Neither did Asdrubal Cabrera, who, like Reyes, constituted what little fiber there was to this team on a daily basis once everybody else of tenure was traded or waived. You could take issue with Collins choosing to play Reyes instead of Cecchini as much as he did in the final weeks, or wonder why he leaned on Cabrera instead of testing Phil Evans a little more, but you had to admire the veteran remnants of the 2016 playoff drive for keeping it coming. I certainly did. On Saturday night, Cabrera hit the game-winning home run and thus wore the crown and robe the 2017 Mets awarded to their player of the game. They only gave them out when they won, so after a while hardly anybody wore them. I was impressed the Mets bothered to pack the silly clubhouse accoutrement for this last trip. I was more impressed they had cause to unpack it.

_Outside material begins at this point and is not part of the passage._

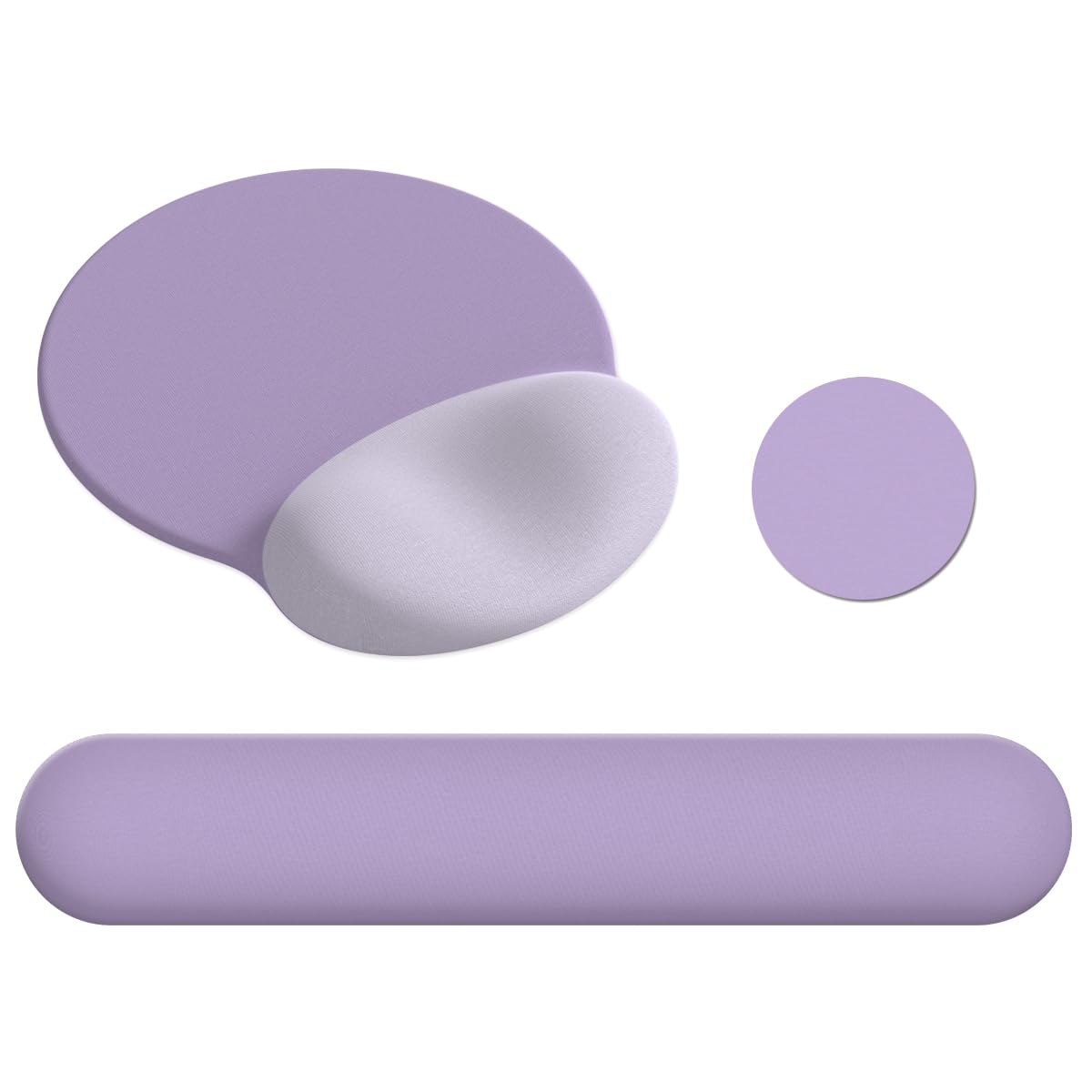 AIMSA Mouse Pad with Wrist Rest Support, Keyboard Wrist Rest Set, Ergonomic Memory Foam Mousepad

Reyes. Cabrera. First base coach Tom Goodwin. The cameras caught them hanging around chatting with each other, probably for the last time they’ll do that dressed as Mets together. And I caught myself hanging around to watch them hanging around. It’s something I’m skilled at.
There’s what’s come before. There’s what’s going on. And there’s what will come next. I’m great at the first part. I’m all right at the second. The third? Cripes, as Terry Collins liked to say when he managed the Mets for seven years, I haven’t the faintest idea.
But boy do I look forward to what will come next. I don’t mean that in the how many days to Pitchers & Catchers and has anyone seen the revised MLB Pipeline rankings? sense as much as I mean it in the immediate hey, the pregame show will be on pretty soon! sense. Looking forward to what was coming next was my favorite reflex of the 2017 season. With rare exception, I actually actively anticipated most every game the Mets played this year.
These Mets. This year.
I knew we weren’t in it and I knew we weren’t going to get back in it, but I didn’t care that much. There was going to be a Mets game. There were going to be Mets playing baseball and me watching and listening and noticing and considering all that was going on in the scope of what had come before. And I got to do it practically every day or night for six months. Not had to, but got to.
More often than not, the games themselves wound up dissatisfying. But more often than not, the whole thing culminated in me being here with you. That was extremely satisfying. I really looked forward to that. So thank you for another season of being a part of my season. And thank you in advance for whatever will come next as we turn, turn, turn  the page toward 2018.